Use the Standard Library’s Formatting

With <iomanip> you can set the fixed and precision specifiers to make all quantities display exactly two digits after the decimal point.

Edit: Since long double conversion on some platforms (including MSVC) could improperly round off the lower digits. I wrote a new version that uses the <iomanip> manipulators

Check for Errors

If your library is ever managing trillions and trillions of dollars, it should definitely be checking for out-of-range errors!

A good way to do this, especially in constructors, is to throw exceptions from <stdexcept>, such as invalid_argument, overflow_error and underflow_error.

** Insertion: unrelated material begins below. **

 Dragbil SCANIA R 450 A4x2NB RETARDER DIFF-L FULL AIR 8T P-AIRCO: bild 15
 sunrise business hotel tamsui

This is trickier than it sounds, because signed overflow or underflow is undefined behavior. The instructions on modern CPUs will wrap around, but compiler writers feel this gives them permission to break your error-checking code. What you actually need to do is find the difference between the maximum/minimum representable value, and one operand, then compare that to the other operand to see if you have room to add or subtract it.

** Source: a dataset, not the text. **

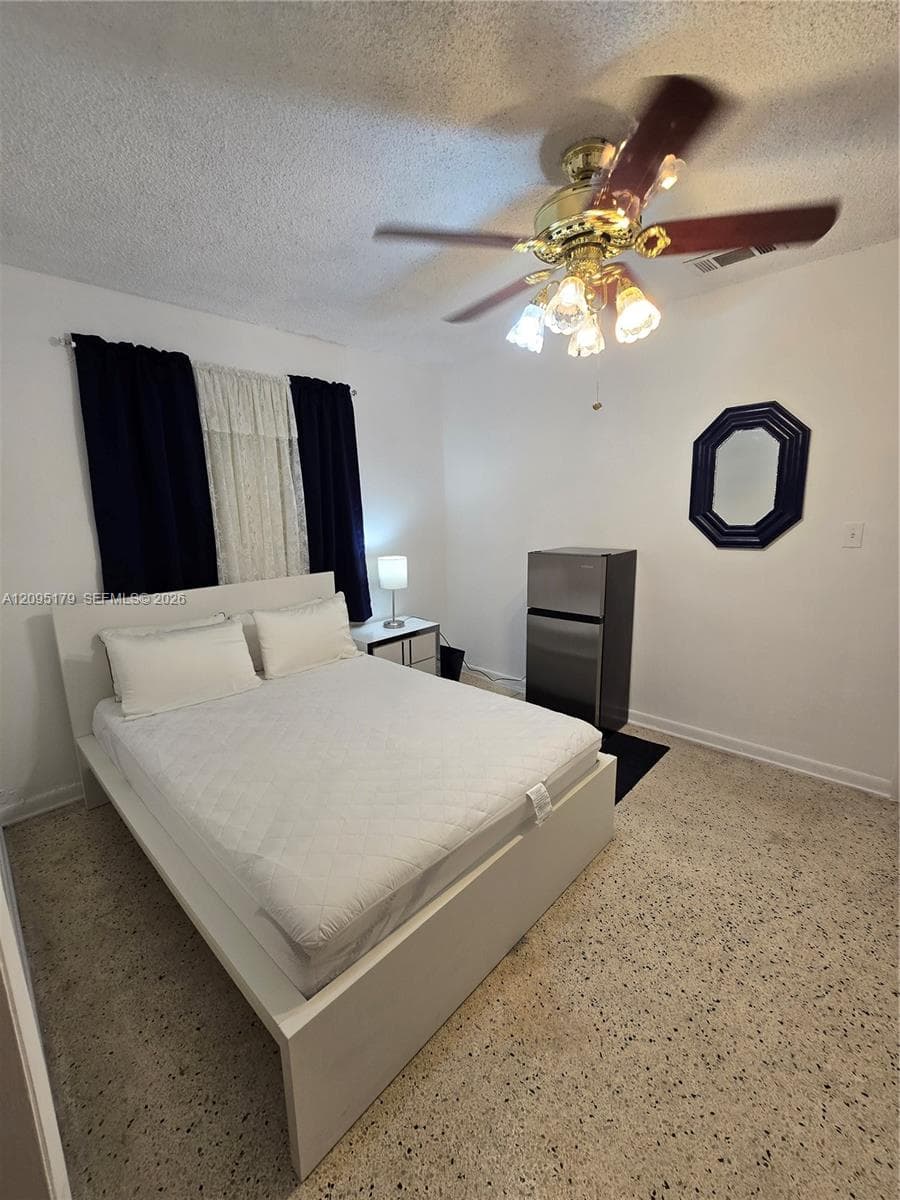479 E 15th St #1 photo 2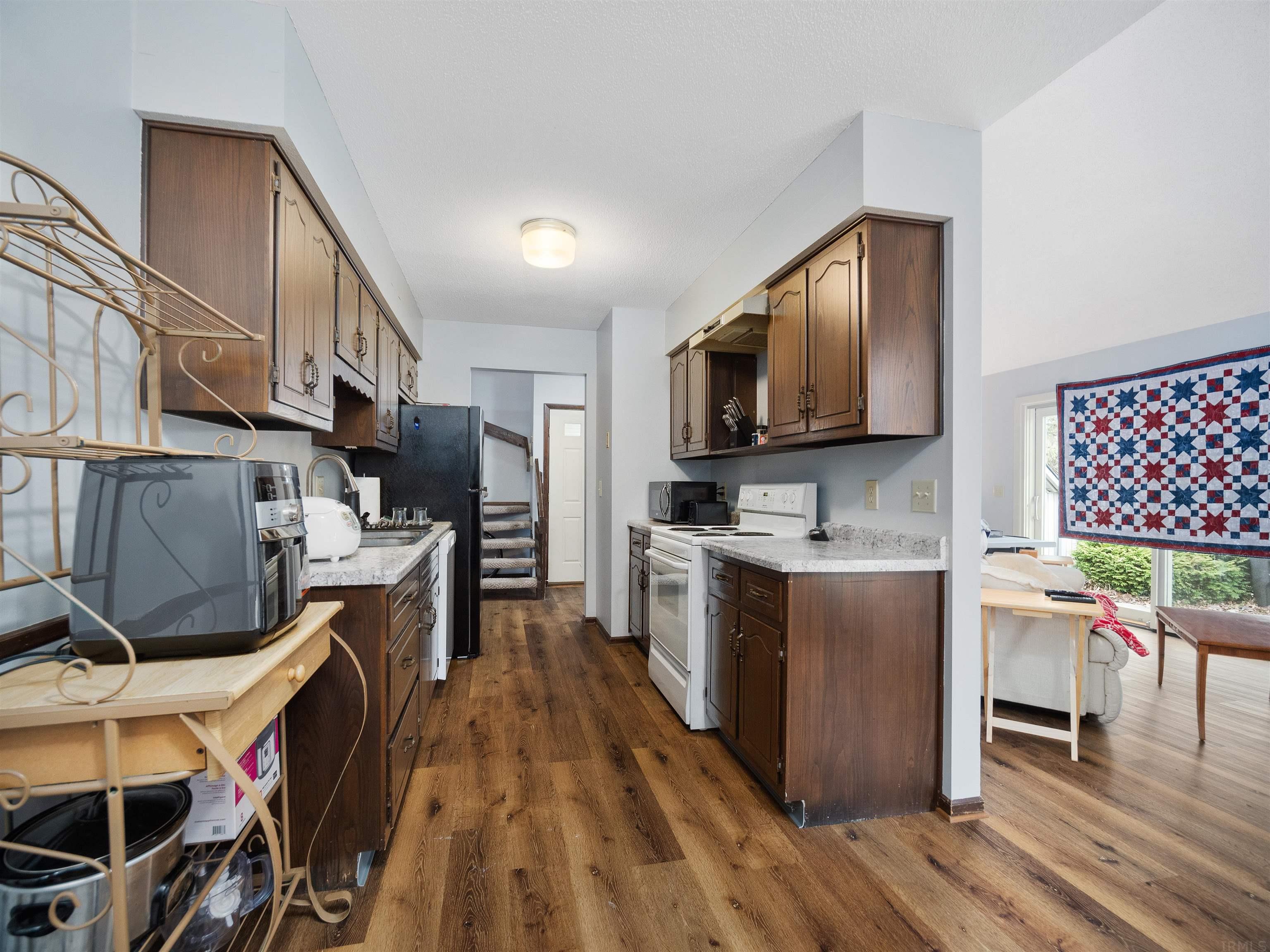 7807-7809 Stellhorn Road Fort Wayne, IN 46835 - Photo 6 of 18 Gallery Image 6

Name Your Constants When Possible

You should prefer defining constants such as Money::pence_per_GBP to constants such as 100. This makes it much easier to change the type, easier to understand why you are using the constants you do and whether they are correct, and harder to make typos.

And besides, the number of pence in a pound has changed before.

These should be either static constexpr class members, or declared in the module that uses them.

Edit: Contrary to what I said before, static constexpr data members do not need to be defined outside the class declaration any longer, and doing so was deprecated in C++17. I’ve deleted that part of the code.

Declare Your Functions constexpr and noexcept where Appropriate

This helps optimize, and also allows them to be used to initialize compile-time constant expressions.

Don’t Have More Friends than You Need

If the stream output operator calls the public string conversion function, it doesn’t need to be a friend of the class. That allows it to breach encapsulation and access non-public members.

Speaking of which:

Follow Standard Naming Conventions

I like camelCase, but the STL uses snake_case consistently. In particular, the STL classes that convert to string call that function .to_string(), not .toString(), and several templates duck-type to the former.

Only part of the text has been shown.